A Texas trial to determine whether the National Rifle Association should be allowed to seek bankruptcy kicked off Monday — with New York prosecutors slamming the financial move as a “masterclass in bad faith,”
The gun-rights group filed for Chapter 11 bankruptcy in January as it was waging a bitter legal battle with New York Attorney General Letitia James’ office — which sued to break up the NRA over claims that top execs were misusing funds to fund live lavish lifestyles replete with exotic trips, private jet flights and expensive meals.
But the AG’s office doesn’t buy that the organization is financially struggling, Assistant AG Monica Connell said during opening statements held by video in Texas federal Bankruptcy court Monday.
NRA CEO Wayne LaPierre’s announcement that he was moving the group from New York to Texas and filing for bankruptcy protection, is a “masterclass in bad faith and dishonest conduct,” Connell said according to a report by Law & Crime.
At the time of the bankruptcy filing, the pro-gun organization claimed on its website that it was “in its strongest financial condition in years.”
“By the NRA’s own words, it is not only solvent but financially strong,” Connell said, according to the report.
The NRA brought the case in Texas on the grounds that one of its companies, Sea Girt, LLC, was based there. But James claims that is just a shell company that the NRA opened up three months prior so it could make the legal maneuver there, the outlet reported.
NRA lawyer Greg Garman countered that the AG’s suit was politically motivated — a claim echoed in the NRAs August countersuit against James — and that she was gunning for the group on her campaign trail when she referred to it as a “terrorist organization,” Law & Crime reported.

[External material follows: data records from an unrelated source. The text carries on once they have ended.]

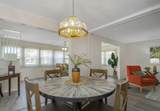 198 Philadelphia Boulevard - Photo 6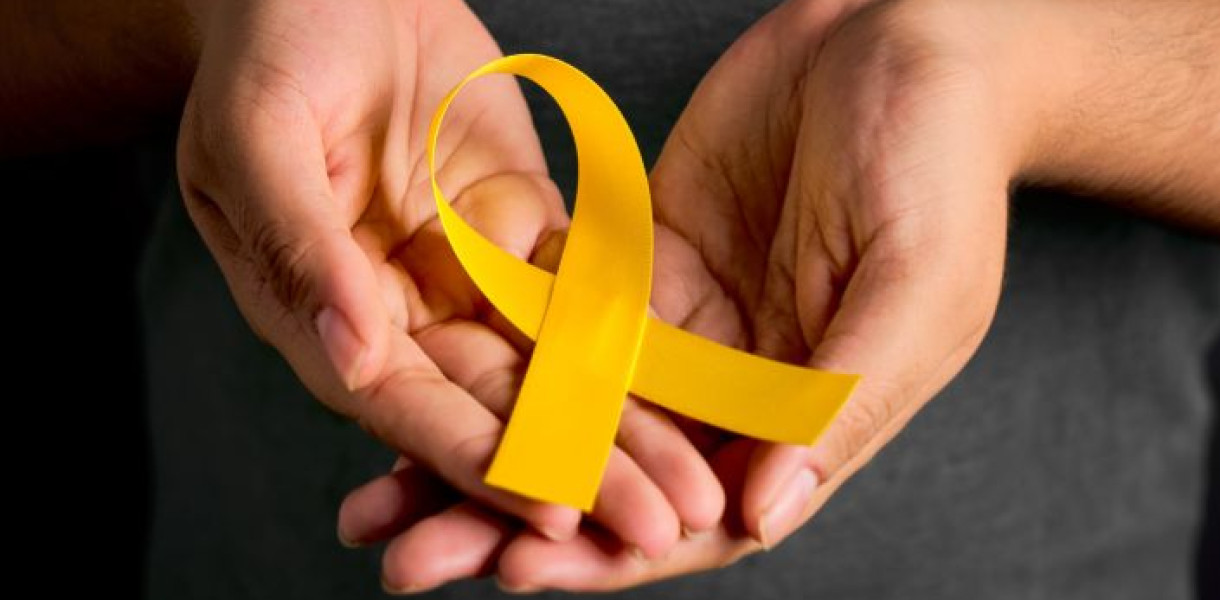 Image de l\événement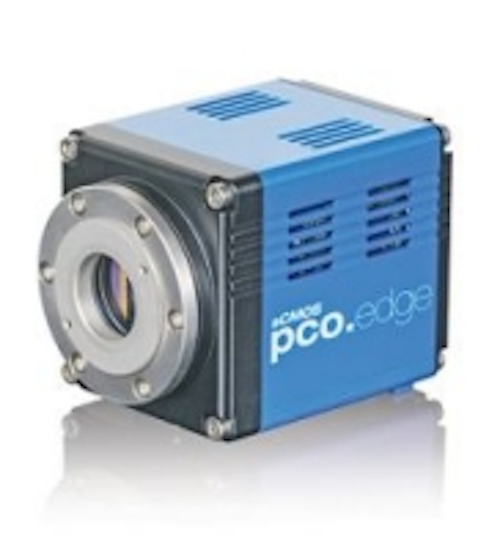 Content Dam Vsd En Articles 2016 01 Scientific Imaging Cameras From Pco To Be Showcased At Photonics West 2016 Leftcolumn Article Thumbnailimage File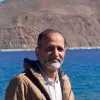 Ashok patel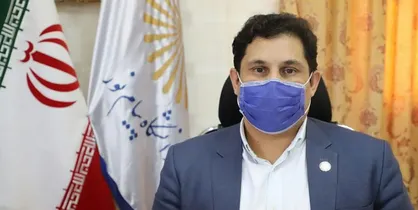 آغاز ثبت نام دانشجو در رشته&zwnj;های بدون کنکور دانشگاه پیام نور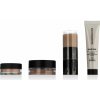 bareMinerals The Original Get Started Kit (18 Medium Tan)
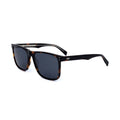Herrensonnenbrille Levi's LV-5004-S-086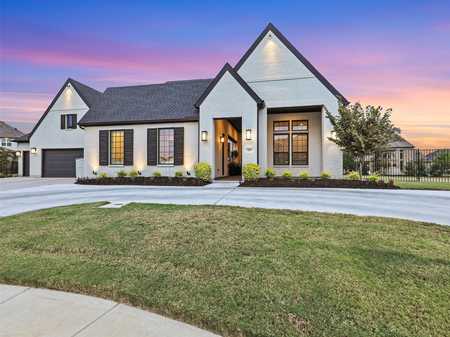 $2,200,000 - 6Br/7Ba -  for Sale in Oakbridge At Flower Mound Phas, Flower Mound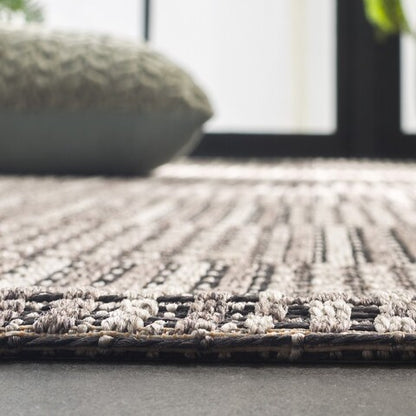 Sisal All-Weather Collection Design: SAW648Z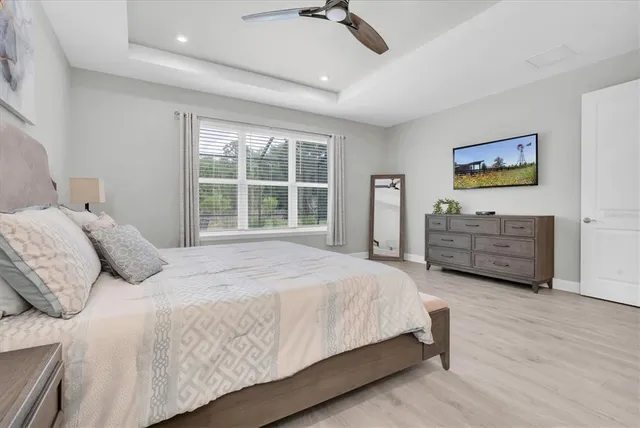 $1,085,000 | 12539 Wetmore Court, Odessa, FL 33556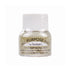 Tsukineko all purpose ink champagne gold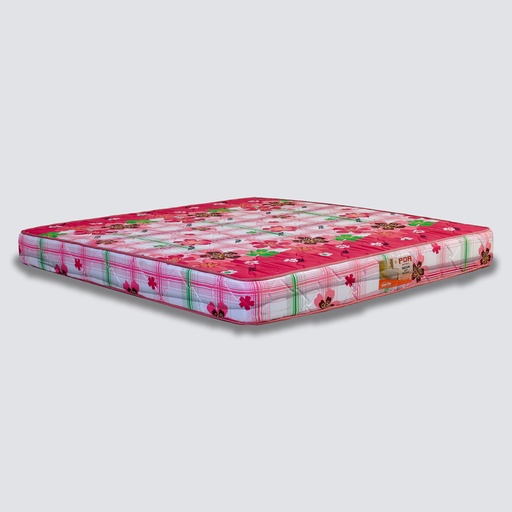 MATTRESS MD QUILT 60*6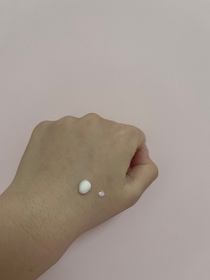 Yoyo Sin-YHKcareTeaPep黑茶肽修護潤膚乳_2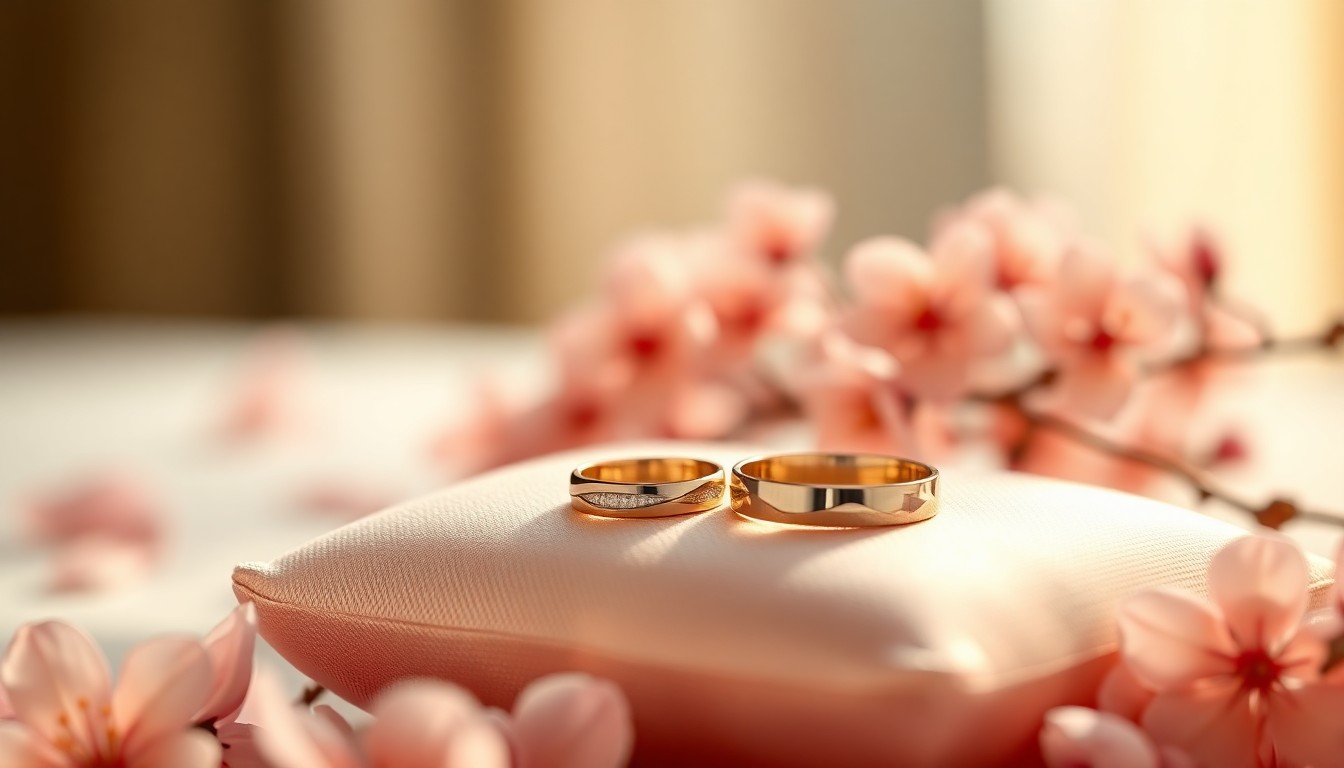 犬飼貴丈の結婚相手は誰？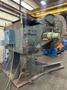 40,000 LB RANSOME MODEL 400P WELDING POSITIONER: STOCK #78090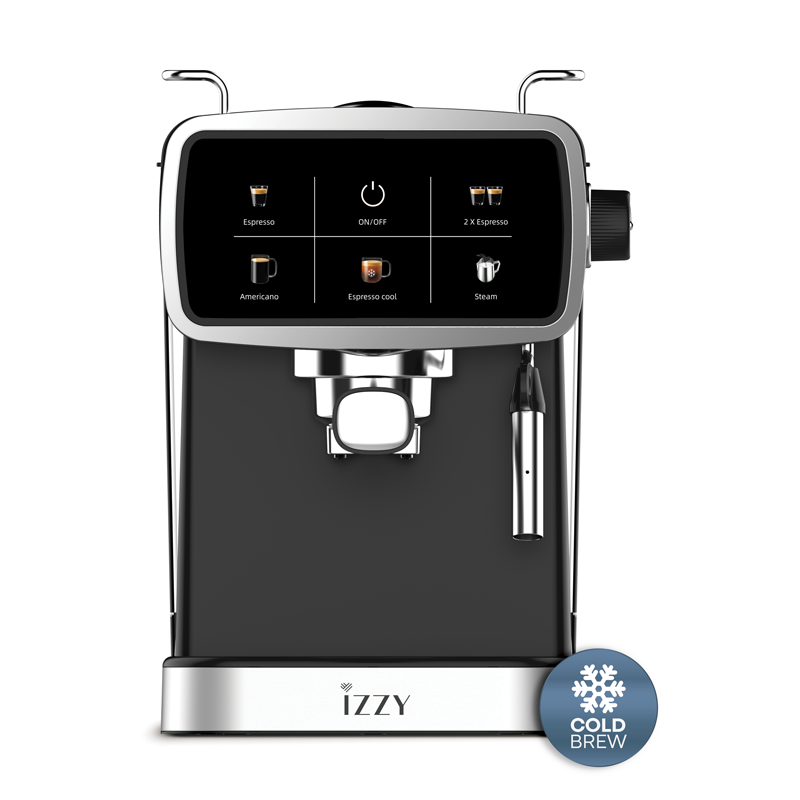 ESPRESSO_MACHINE_IZ-6021_Z-6020_with_icon_800X800-1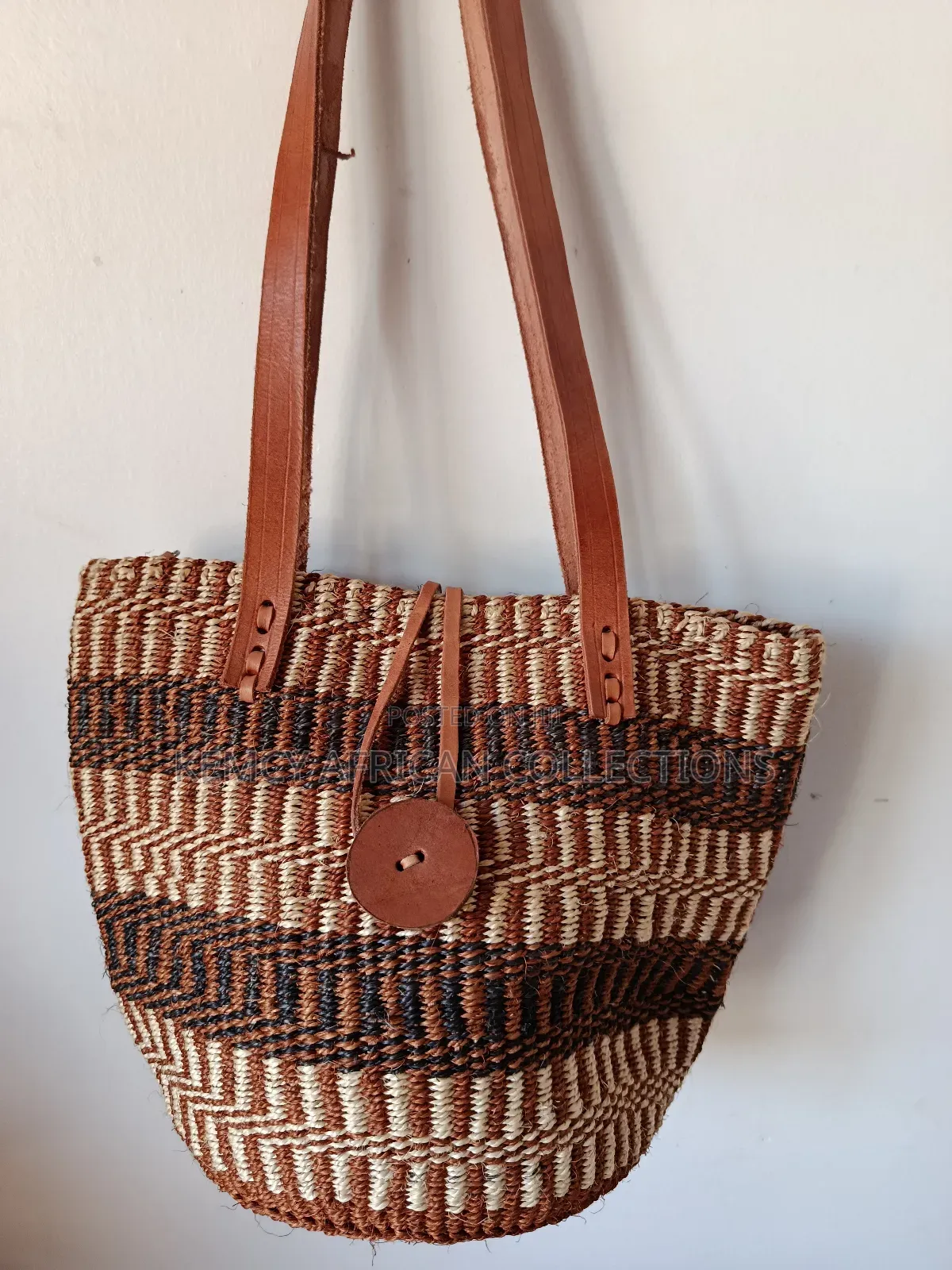 Sling Bags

Garman also defended LaPierre’s private flights as essential for his safety, according to the news site.
The AG’s office was joined by former public relations firm Ackerman McQueen in its motion to dismiss the bankruptcy case.
Ackerman lawyer Brian Mason said that the NRA was attempting to “game” the bankruptcy process, adding that its one-time former client had changed and is now fraught with “fraud, dishonestly, misconduct and gross mismanagement,” Law & Crime reported.
“We look forward to making our case in court, and finally shining a light on the NRA’s actions. No organization, including the NRA, should be able to avoid accountability simply by declaring bankruptcy,” James’ said in a statement ahead of opening remarks Monday morning.
The AG’s suit from August accused LaPierre and other NRA honchos of flouting non-profit laws and siphoning NRA funds for personal use.
Connell on Monday alleged to the judge that donor funds even went to LaPierre’s wife’s “glam squad,” according to the report.
The trial is expected to last for six days, according to the Wall Street Journal.